On sent bien d'ailleurs à son écoute que cette longue expérience scénique a permis à cette jeune pousse de façonner son art, de polir ses compos qui toutes font mouche, petits bijoux d'écriture et d'arrangements. Qu'ils soient déliés, à l'image des très psyché 'The Midnight Weirdos' ou 'Rumbera', pandémonium orgiaque baignant dans un déluge d'orgues Hammond ou plus resserrés, registre trapu qu'incarnent des titres tels que "Days Of The Weak' ou bien encore 'Kennedy', ces morceaux illustrent déjà la maîtrise et la classe insolentes de Dot Legacy qui affiche une étonnante maturité et auquel il est aisé de prédire un avenir radieux.
D'autres qualités expliquent cette précoce réussite, à commencer par le jeu des musiciens et notamment celui des deux guitaristes, gorgé de feeling et tour à tour nerveux ou plus soyeux ('Pyramid') voire quasi atmosphérique.
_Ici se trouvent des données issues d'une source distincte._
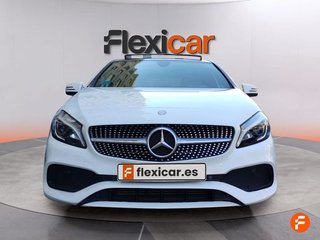 Mercedes Clase A A 180 AMG Line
Le chant du bassiste Damien Quintard, plus pop que Stoner et souvent noyé sous une fiévreuse couche d'effets ('Think Of A Name') apporte aussi une vraie fraicheur à ce rock plus nostalgique qu'anachronique.
On touche d'ailleurs là du doigt l'une des grandes forces de ce groupe, cette approche vintage sans être datée ni passéiste. Energique et décomplexée, la musique forgée par le quatuor s'affranchit des barrières, se moque bien des étiquettes, alliage d'une délicate puissance de mélodies électriques et d'effluves nébuleuses . Malgré sa jeunesse, Dot Legacy possède déjà quelque chose qui n'appartient qu'à lui, une espèce de 'vibe' unique, une patte tavelée d'un feeling finalement plus racé que poussiéreux.
Fort de ce galop d'essai à la hauteur de l'attente, les Parisiens entrent d'emblée dans la cour des grands, entre Stoner enfumé et rock psyché couillu. Tout y est : les compos, le jeu, l'attitude, la classe, la magie... La suite promet de chaudes nuits peuplées de rêves humides.